Big wheels keep on learnin'. Here are a few ways managers can encourage their employees to continue education in the workplace.
In business, as in all aspects of life, it’s important to continue to learn new things and develop new skills.
Despite the fact that an employee enters the workforce after spending the majority of their time in schools, all of that education is really preparation for the real learning that comes with work experience.
The employer should encourage and reward the continued learning and development of its employees.
As a part of the management or human resources teams, it’s your job to make sure your group is not only motivated but also inspired to expand their knowledge base and be the best workers they can be. It’s up to management to enable the ongoing training and skill-building that makes great teams.
Related Article: How To Keep Your Employees Happy, Engaged, Productive And Loyal
Here are a few ways department and HR managers can encourage their employees to continue their training.

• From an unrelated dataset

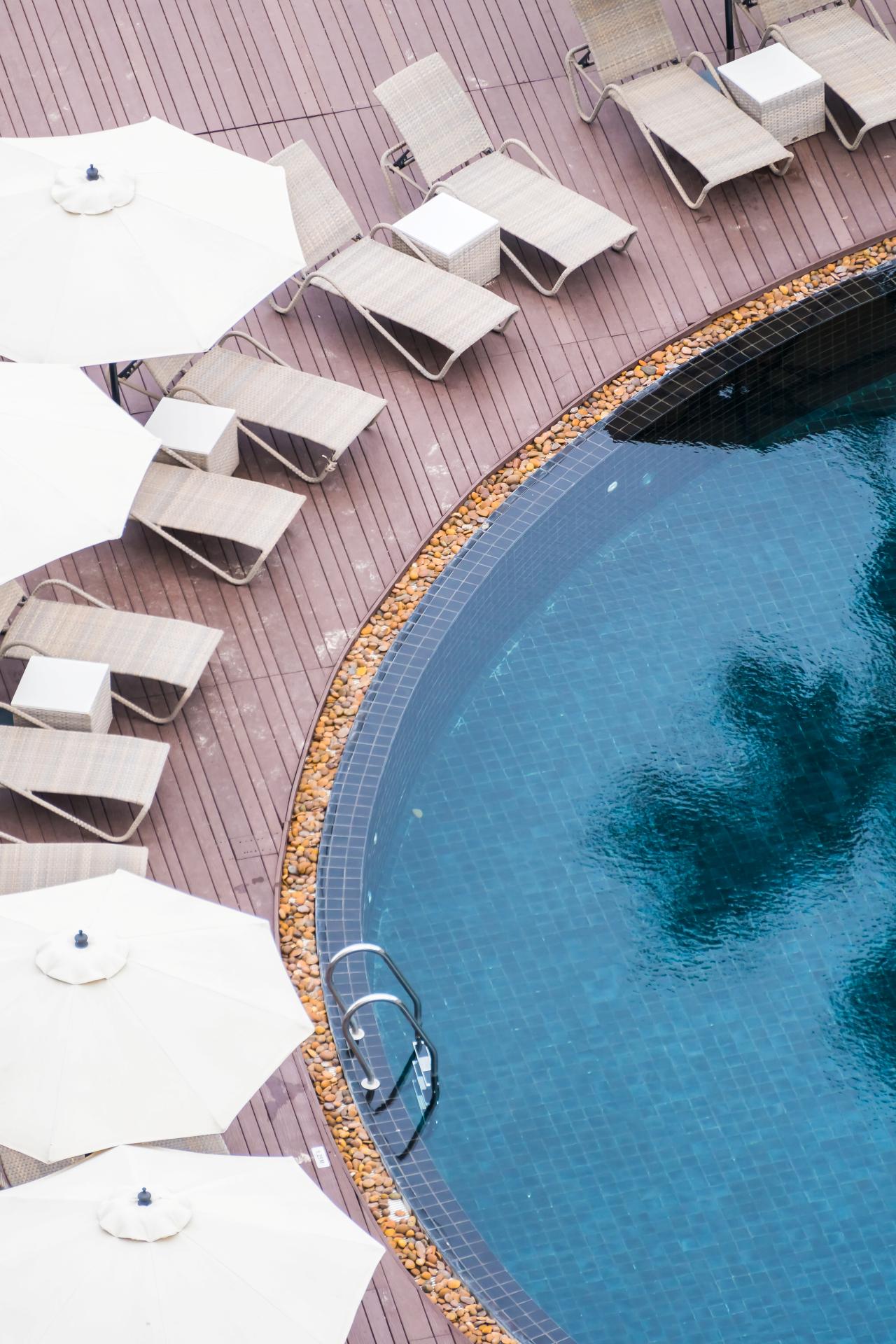 Overhead view of a clean community swimming pool with lounge chairs, umbrellas, wood decking, and clear blue water at a residential HOA property.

It’s easy to get bogged down in the routine of a job. Something has been done one way since the start of the team, and it’s still done the same way now. Encourage the incorporation of new ideas by having brainstorming sessions. Have your team come up with three new ways to change an old process, and then discuss which would be the best development to institute as a team. Encouraging out-of-the-box thinking and open conversation will lead to great new ideas and to team bonding as well.

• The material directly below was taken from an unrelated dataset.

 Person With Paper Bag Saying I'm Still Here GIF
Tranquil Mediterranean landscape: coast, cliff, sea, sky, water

Invite Open Discussion About Successes and Failures
More than half of U.S. employees are unhappy at work. Many times, especially in large companies, employees tend to keep their gripes to themselves, not because they think voicing the opinion is bad but more because there’s no venue that seems appropriate. It’s important for an organization to learn from both its mistakes and its successes, the mistakes so you know how to fix them in the future, and the successes so you can continue to build on that success for upcoming projects and endeavors.
This kind of open forum for discussion can be done on a large scale for company policies, new structure and benefits. Similarly, each team can have its own open-floor meeting to talk about role responsibilities, team projects and management feedback. It’s crucial for a manager to be able to hear from his or her team. Discussion facilitates change.
Suggest Learning Opportunities
Forty-four percent of Americans engage in continuing education, but that is not high enough. As the manager, it’s your job to guide your team and be a resource for anything they may need. Give yourself the role of ambassador when it comes to professional learning:
- Scan the trades, headlines, and professional organizations for continued education programs or useful resources and compile a list to send out to your team.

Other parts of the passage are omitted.